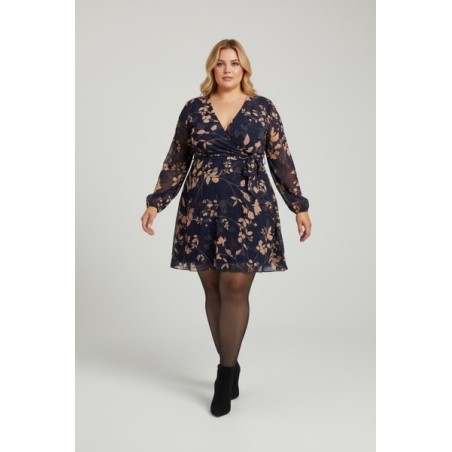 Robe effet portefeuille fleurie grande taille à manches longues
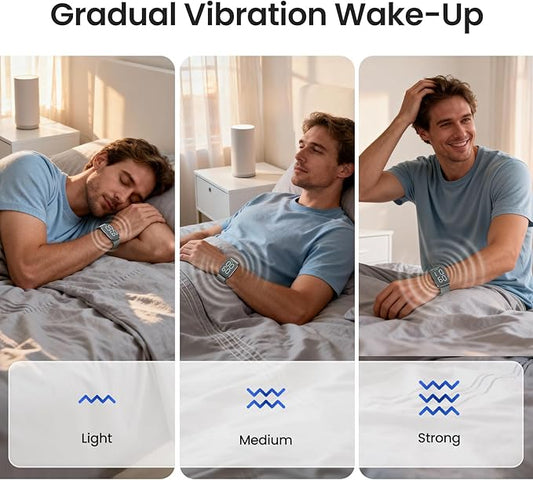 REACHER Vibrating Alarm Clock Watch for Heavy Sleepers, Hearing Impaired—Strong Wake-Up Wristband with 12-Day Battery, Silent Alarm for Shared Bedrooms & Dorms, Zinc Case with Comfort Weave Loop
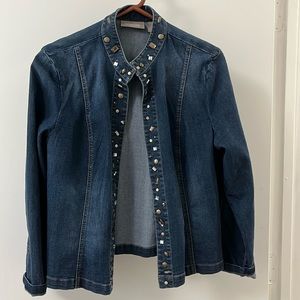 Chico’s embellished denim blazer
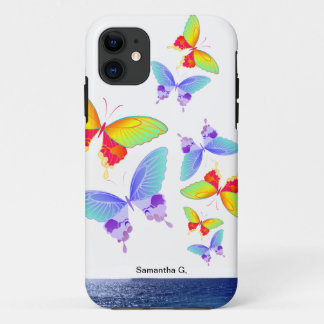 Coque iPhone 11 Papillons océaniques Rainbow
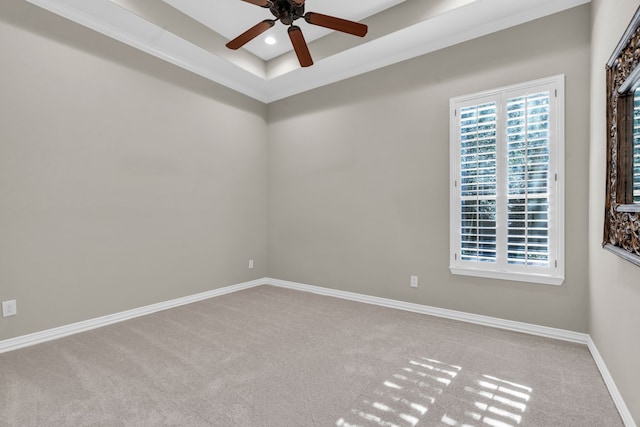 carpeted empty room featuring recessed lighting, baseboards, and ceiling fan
•••••
* Exercise directions *
Reproduce every record word for word. The copy must contain no pictures.

* Solution for this problem *
 Robe effet portefeuille fleurie grande taille à manches longues
 REACHER Vibrating Alarm Clock Watch for Heavy Sleepers, Hearing Impaired—Strong Wake-Up Wristband with 12-Day Battery, Silent Alarm for Shared Bedrooms & Dorms, Zinc Case with Comfort Weave Loop
 Chico’s embellished denim blazer
 Coque iPhone 11 Papillons océaniques Rainbow
 carpeted empty room featuring recessed lighting, baseboards, and ceiling fan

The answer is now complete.